Opinión | El recorte
Manolo

Capilla ardiente de Manuel Hermoso / Andrés Gutiérrez
Había que estar hecho de una pasta especial para subir en los años ochenta a una tribuna, delante de los reyes de España, y lanzar un grito político sobre el abandono y el desconocimiento de un archipiélago como Canarias. Aquel joven alcalde, Manuel Hermoso, estaba llamado, sin saberlo, a escribir una parte importante de la historia de la autonomía en nuestras islas.
Cuando se está demasiado cerca de algo no se perciben sus verdaderas dimensiones. Pero el tiempo me ha permitido construir, dentro de la distorsión del cariño, una verdadera visión del talante humano y político de Manolo. Un ingeniero que acabó en política casi de casualidad y cabalgó toda su vida pública en una ola de triunfos.
Manolo era, por encima de todo, una buena persona. Un tipo afable, empático, leal e inteligente. Un trabajador incansable que entendía la vida pública como el arte de hacer cosas tangibles para la gente con el dinero de la gente. Siempre decía que para liderar no hay que ser el mejor, sino tener la capacidad para rodearte de los mejores. Y es lo que hizo, creando en su entorno una generación de jóvenes políticos que luego fueron la semilla de la ATI y después de las AIC y más tarde de Coalición Canaria.

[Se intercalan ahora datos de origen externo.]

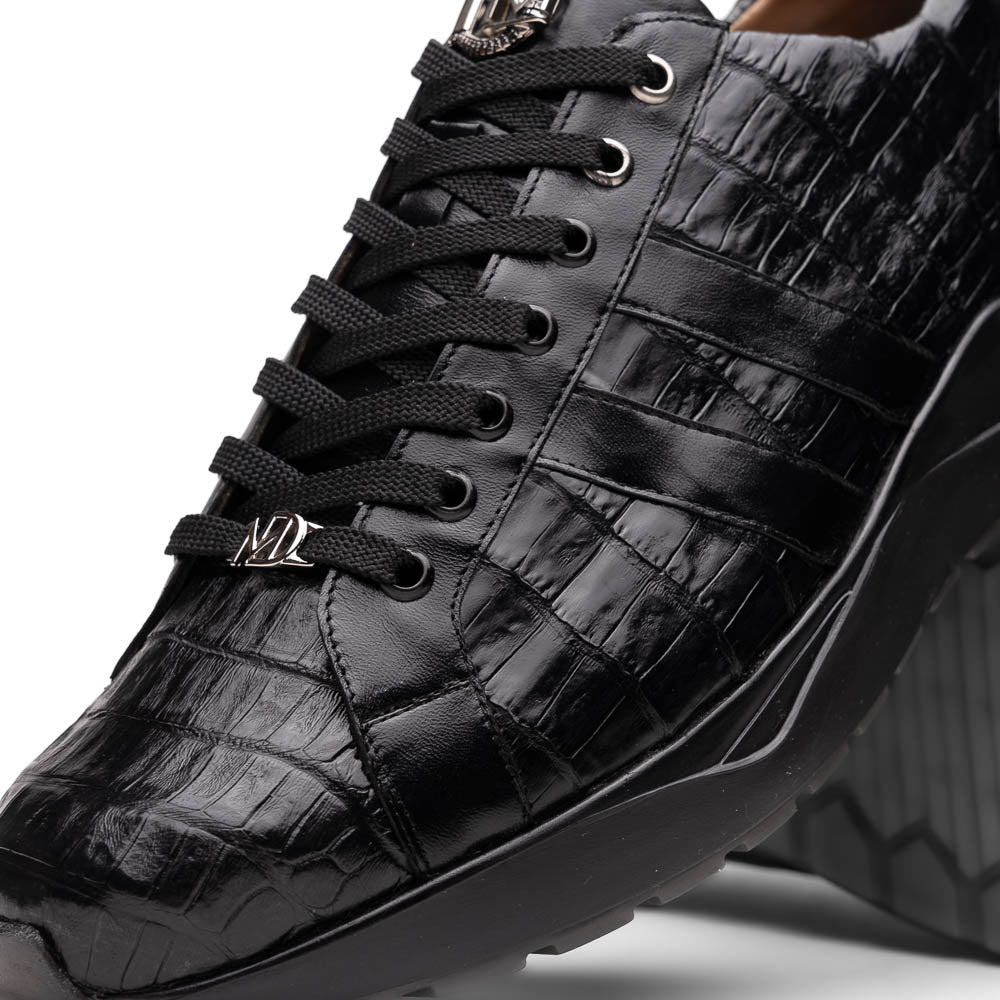 The Nino Black by Marco Di Milano: genuine black caiman crocodile sneakers with black laces and a textured rubber sole, one standing and one leaning, highlighting luxury footwear with a striking hand painted finish.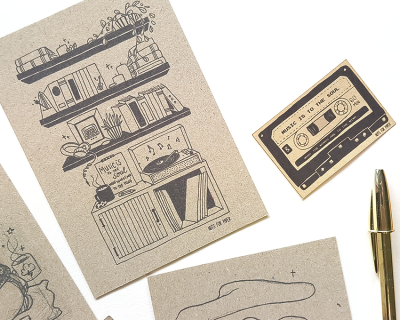 Cartões postais com desenhos e textos sobre música, e caneta dourada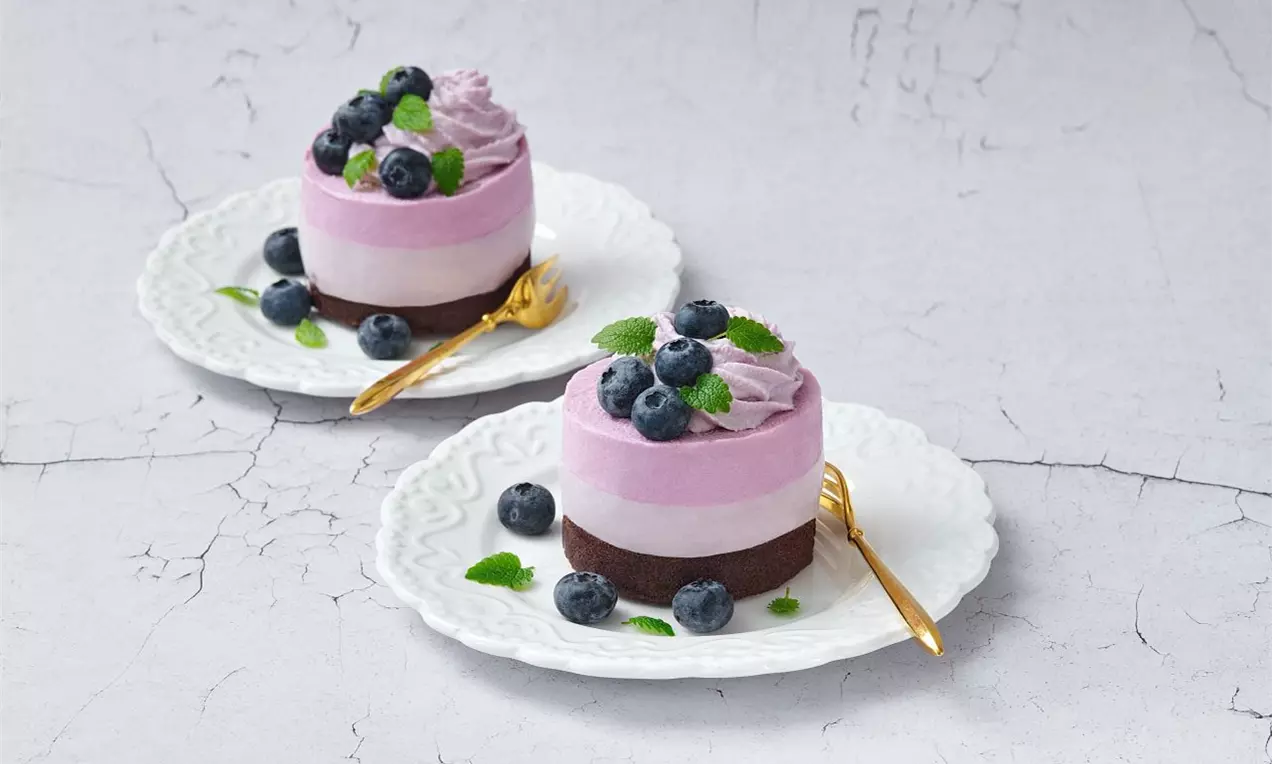 Světlé fialové borůvkové dortíky na tmavém sušenkovém základu, ozdobené čerstvými borůvkami, lístky máty a servírované na bílých talířích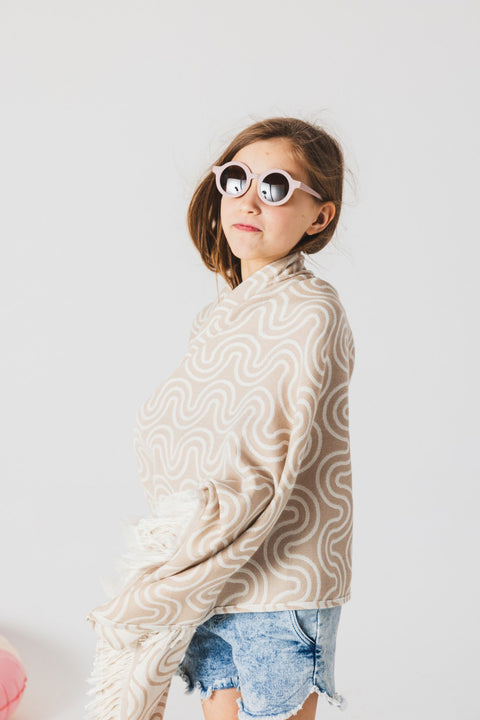 1. Girl wearing beige Patulove bamboo towel with hood and sunglasses in a studio setting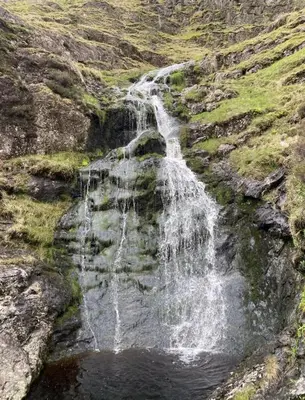 a waterfall on the side of a mountain at Zions Retreat in Plumbland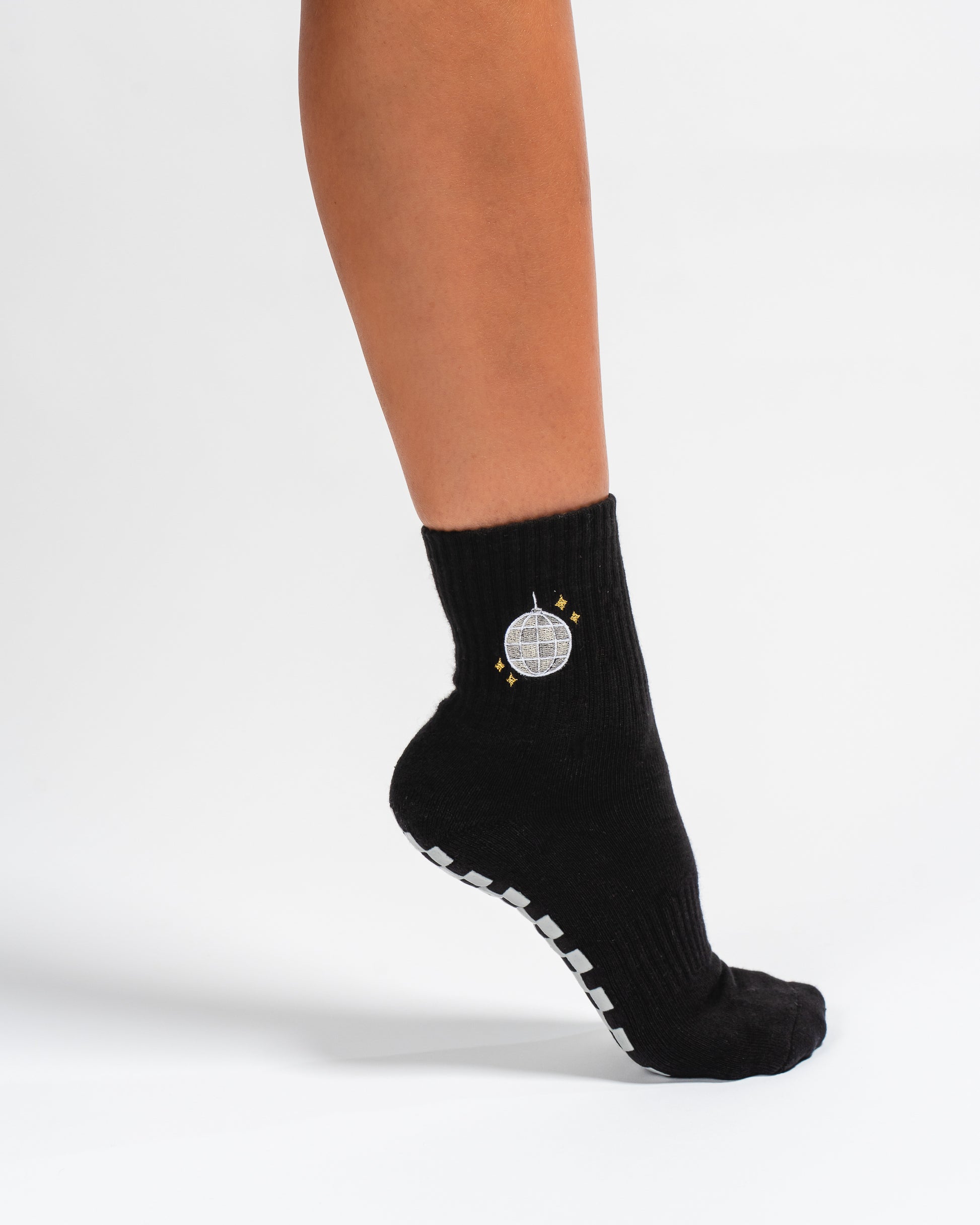A person wearing Revel Athletic's The All Nighter Grip Sock, featuring a black base with silver disco ball and gold star designs, stands on their toes. The sock’s white grip strips on the sole provide stability, making it ideal for yoga or studio workouts.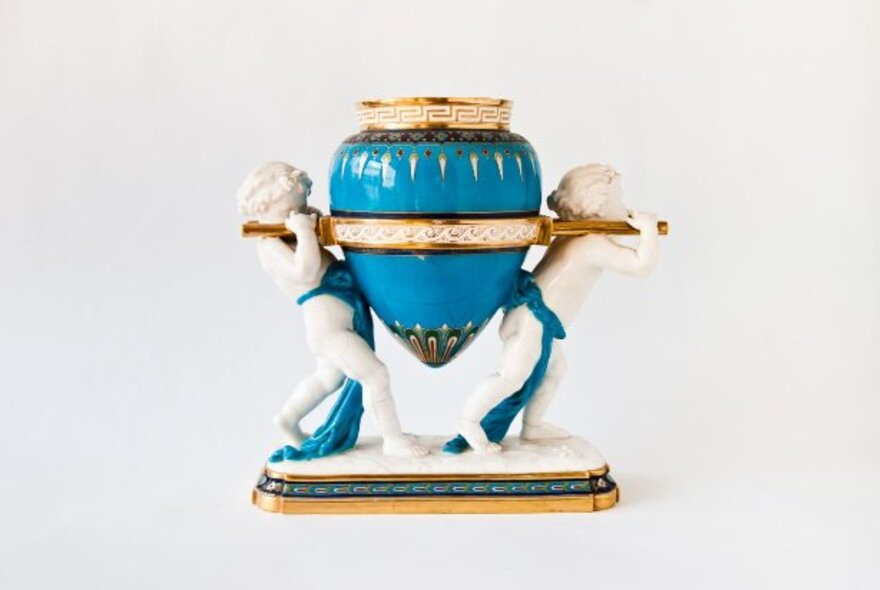 Mid-Victorian Minton porcelain vase, with two cupids carrying a turquoise urn.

Hasta que la vida le arrebató a uno de sus hijos, un golpe del que ya no pudo recuperarse, Manolo seguía con interés la evolución política de Canarias y expresaba sus ideas con la misma pasión que en sus años jóvenes. Nunca perdió la lucidez. Ni la ironía. Fue el alcalde de los barrios de Santa Cruz, porque entendió que la capital no era el centro, sino la periferia y se conectó de una manera nunca vista con el movimiento vecinal.
Estuvo detrás de la gran transformación del nuevo Santa Cruz, del salto de Cabo Llanos hacia el sur, que le planeó su amigo Adán Martín, o del nuevo carnaval que lanzaron Ani Oramas y Miguel Zerolo. Hizo de ATI una campana de resonancia para el resurgir de Tenerife y supo ver que detrás del insularismo no solo habitaba el pleito capitalino –el que enfrenta a las dos burguesías de Las Palmas y Santa Cruz– sino un movimiento político sobre el que se podía construir Canarias desde abajo hacia arriba, desde las islas a la región.
Aquello que Jerónimo Saavedra, otro gran presidente de Canarias, llamó «un sarampión pasajero» se convirtió en un movimiento político que arraigó en toda la región. Porque era un modelo que encajaba con la idiosincrasia de los territorios insulares. Lo supo ver. Y sobre él se construyeron las agrupaciones de independientes, las AIC, con las que dio el salto al Gobierno regional.
Caminar por Santa Cruz con Manolo era imposible. Se paraba en cada esquina a saludar a quienes aún consideraba «sus vecinos». Y tenía la paciencia de seguir escuchando los problemas de un barrio, de una calle o de un servicio, como si aún fuera aquel alcalde que jamás dejó de ser.
Fue amigo de sus amigos hasta el último latido de su corazón cansado. Su trayectoria no se podría explicar sin el apoyo y el aliento de la que fue su gran compañera, Asun, su esposa, su amiga y su mayor crítica. Podría escribir mil anécdotas de aquellos años donde todo era luminoso. Podría, pero a Manolo no le haría ni puta gracia.